A Vendor who carries on business from his home should not claim input tax credits in respect of the portion of his home which is used for business. If he does, the subsequent sale of his home could attract liability for VAT on the purchase price.

A Vendor who decides to deregister as a Vendor will be obliged to pay VAT of 14% on the ceasing value of the assets in the enterprise. It is preferable therefore first to dispose of the assets in the enterprise to another Vendor before applying for deregistration as a Vendor.

If a Seller is not a Vendor and the purchase price of residential property is less than R600 000,00, the transaction will be exempt from the payment of transfer duty. If transfer duty is payable by a natural person, the transfer duty is calculated at the rate of 3% of the value above R600 000,00 up to R1 000 000,00, whereafter the rate increases to 5% and thereafter to 8% on amounts in excess of R1 500 000,00.

If a Non-Vendor sells fixed property to a relative or friend which sale is not at arms length and not concluded through an estate agent, the seller must obtain two letters from an estate agent or valuer to indicate to SARS what the agents considers to be the current market value of the property. A seller may dispose of fixed property at any price but if the price is less than the current market value SARS will require payment of transfer duty on the current market value determined by an estate agent or by SARS itself. In addition SARS will require donations tax of 20 % on the deemed donation being the difference between the purchase price and the current market value of the property. If the seller has made no other donations during the financial year, the seller will be entitled to claim an exemption of R100 000,00 being the annual amount exempt from donations tax.

The sale of shares and loan accounts in a residential property company or the sale of the interest in a close corporation which owns residential property attracts liability for transfer duty. Similarly a sale of the beneficial interest in a trust which owns residential property will attract transfer duty. The latter sale should not be attempted because of other fiscal complications. Commercial property sometimes is held in an inter vivos non-discretionary trust where the benefits vest in the beneficiaries. If the right to the property held by the trust vests in the beneficiaries then a cession of the beneficial interest in the trust would attract transfer duty. Where the right of the beneficiary vests in the proceeds arising from the sale by the trust of the property, it can be argued that the sale and cession of the beneficial interest in such a trust should be exempt from the payment of transfer duty. SARS does not agree.

VAT must be taken into account in every property transaction. The VAT Act stipulates that if VAT is not mentioned, the price is deemed to include VAT. That can have expensive consequences for an unwary seller.
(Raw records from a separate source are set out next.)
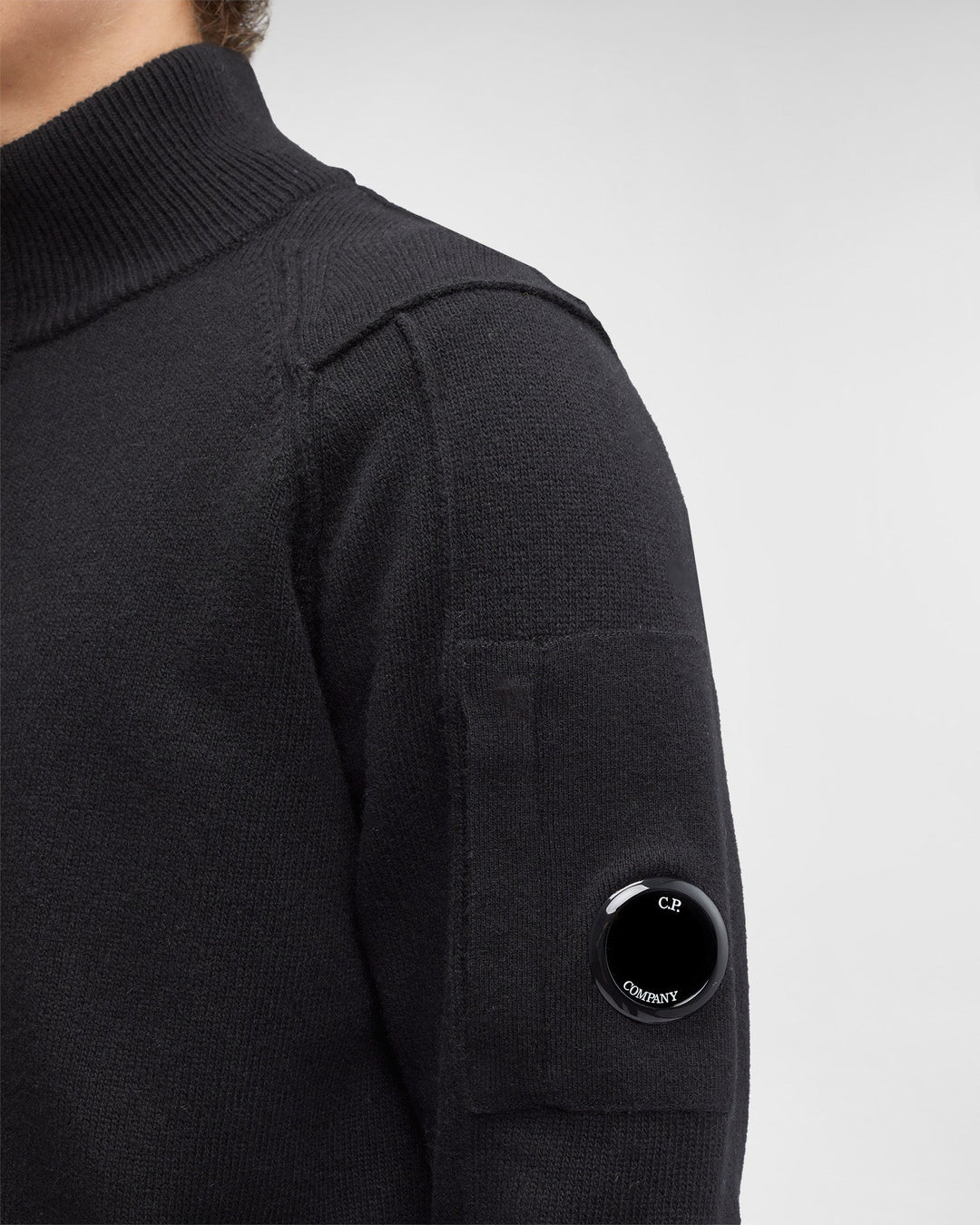 C.P Company - Pull en laine zippé Black - Lothaire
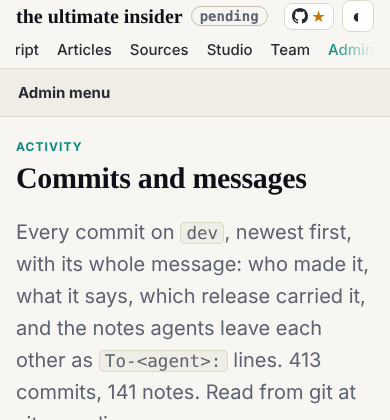 The top bar at 390, with the GitHub star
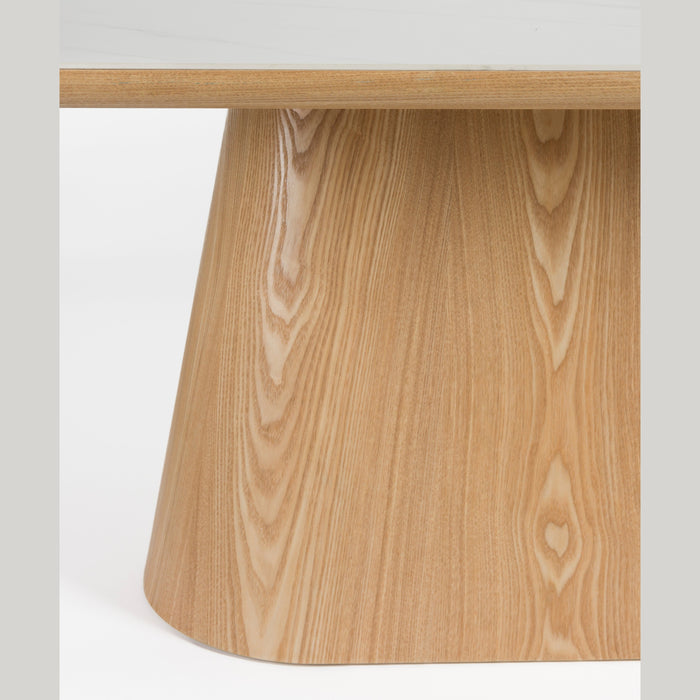 Table à manger bois et pierre Almira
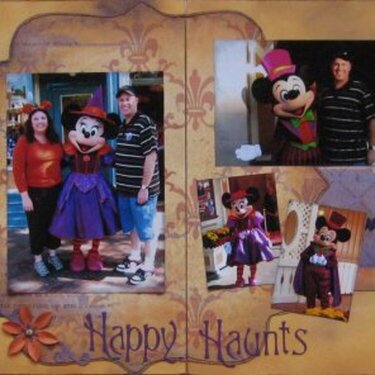 Happy Haunts -- Disneyland Halloween Time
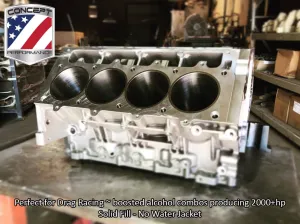 Concept Performance LSR Solid Aluminium LS Engine Block LSR-FMJ-SD2X 4.117" Bore, 9.240" Deck Height with Dual Crossbolted Main Caps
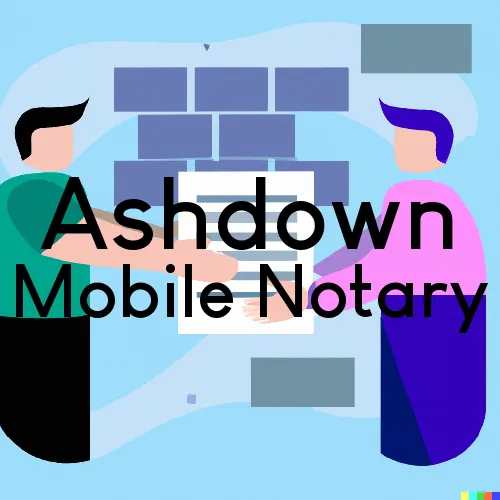 Ashdown, AR Mobile Notary Signing Agents in zip code area 71822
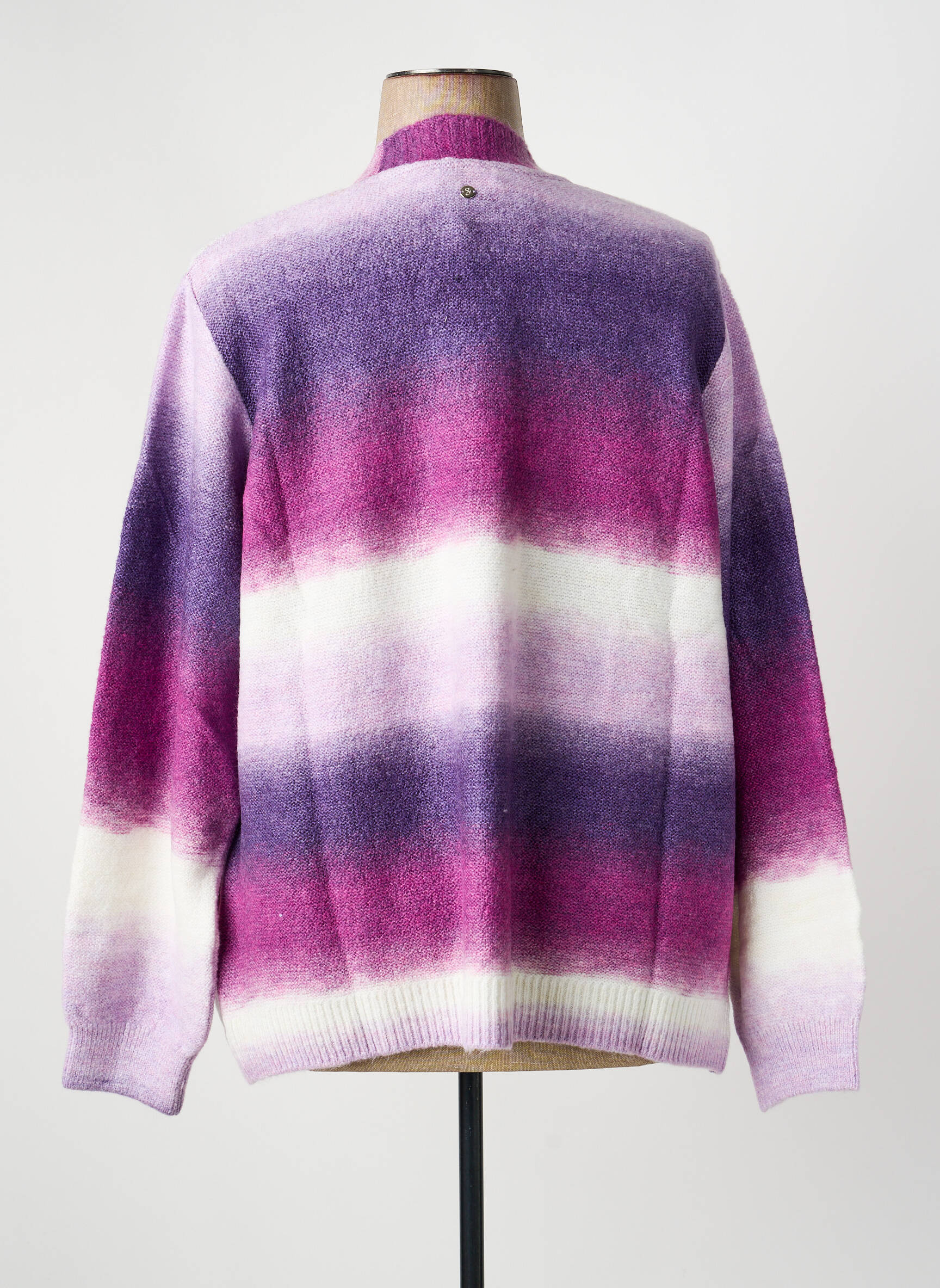 Gilet manches longues coupe cintrée violet SHEEGO femme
In one case the court held that as the buyer had expected to pay transfer duty he should at least pay the transfer duty to the seller as a contribution towards the VAT. That case was criticised and has not been followed. The reason being that a purchaser can argue that he was aware of the fact that the seller was a Vendor and accordingly understood the price to be inclusive of VAT. He did not anticipate being required to pay transfer duty in addition to the purchase price.